BossAir ResourceControl - dmwm/WMCore GitHub Wiki

BossAir

The BossAir package in WMCore implements an interface for job handling in different batch systems, it allows submission, monitoring and removal of jobs. It has two tables to keep track of the submitted jobs. The queries for these tables are defined in the BossAir package, including the creation statements for MySQL and Oracle. The tables are:

  • bl_status: This table holds the possible states of the jobs in the configured batch systems, for example if HTCondor is used (i.e. CondorPlugin) then the available states are:

    • Complete
    • Unknown
    • Running
    • Held
    • Idle
    • Timeout
    • Error
    • New
    • Removed
  • bl_runjob: Run jobs are BossAir's representation of the WMBS jobs, this table holds the information on submitted jobs, both past and present. The information stored for a runjob is:

    • id : Incremental id in the table, not representative.
    • wmbs_id: Id of the corresponding job in wmbs_job.
    • grid_id: Meant to store the id of the job in the batch system, only used in LSF.
    • bulk_id: Id of the job in a set of jobs, currently unused.
    • status: Indicates if the job is currently submitted or not, '1' means active and '0' means complete.
    • sched_status: Status of the job in the batch system, this is linked with the bl_status table.
    • retry_count: Retry number for this instance of the job, note that the same WMBS id can appear on the bl_runjob table but each one with a different retry_count representing different instances of the job.
    • status_time: Time of the last status change in the batch system.
    • location: Site where the job was submitted to.
    • user_id: Id of the owner of the workflow that the job belongs to, according to the wmbs_users table.

ResourceControl

The resource control package implements an interface for manipulating resource thresholds used by the WMAgent for job submission and resource distribution among sites.
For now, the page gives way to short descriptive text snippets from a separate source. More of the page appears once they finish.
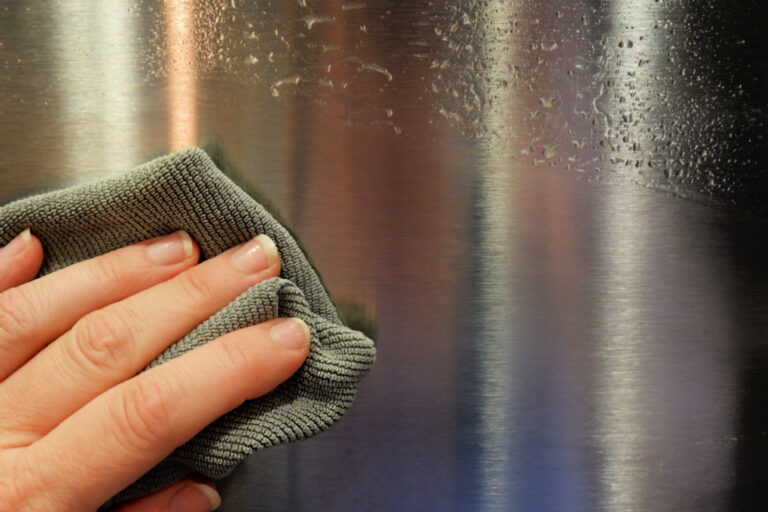 Natural DIY Stainless Steel Cleaner Recipes with Essential Oils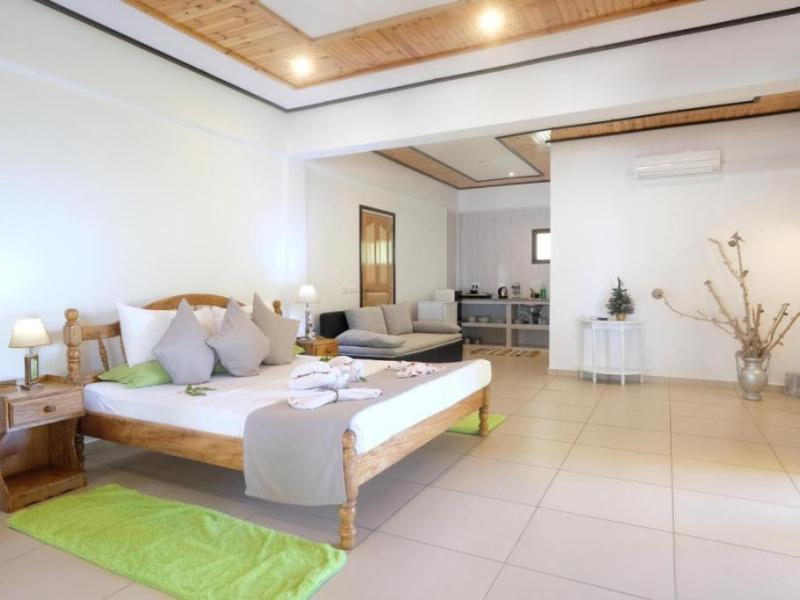 Hyde-Tide Apartments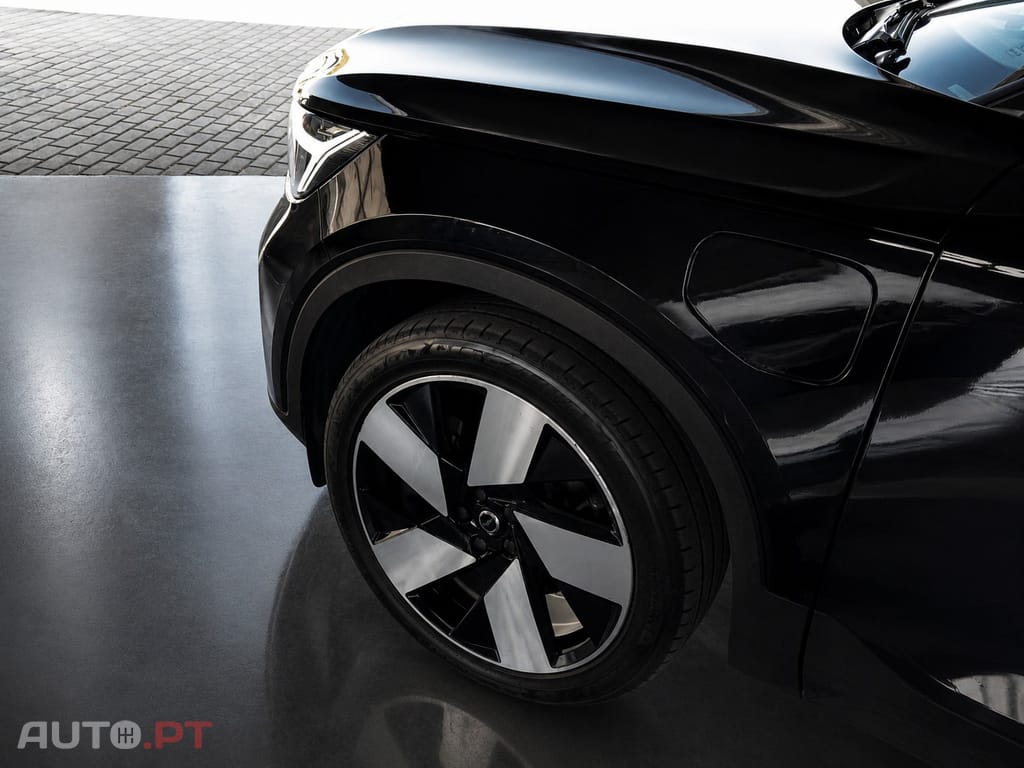 Volvo XC40 1.5 T5 PHEV Plus Dark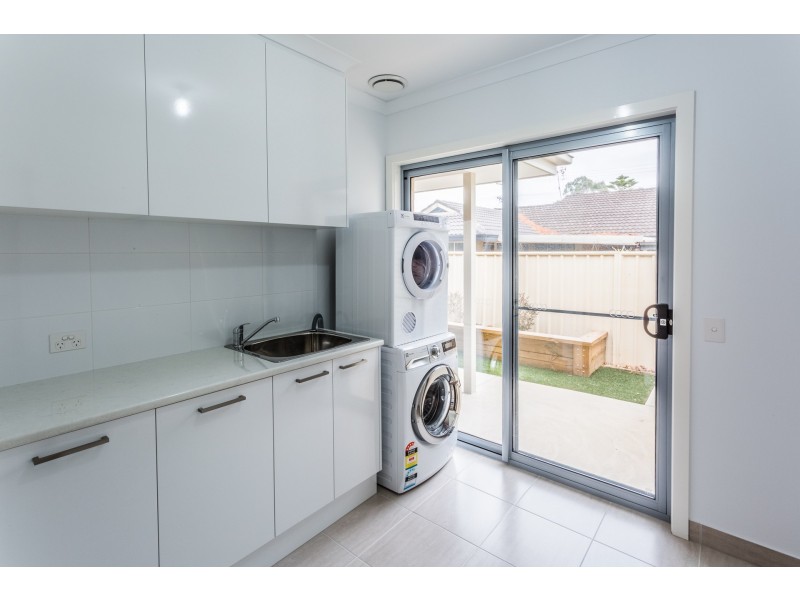 27b Echuca Street, Moama NSW 2731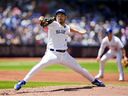 Yusei Kikuchi des Blue Jays de Toronto lance contre les Oakland Athletics lors de la deuxième manche de leur match de la MLB au Rogers Centre le 25 juin 2023 à Toronto, Canada.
It implements a table in WMBS with the following information:

  • rc_threshold: The resource control table holds a row for every site in wmbs_location and subscription type pair in wmbs_sub_types, for each site and subscription type there is a pending_slots column which indicates the target number of pending jobs to keep at a site for a subscription/job type and a max_slots column which indicates the absolute maximum number of running jobs to keep at a site for a subscription/job type.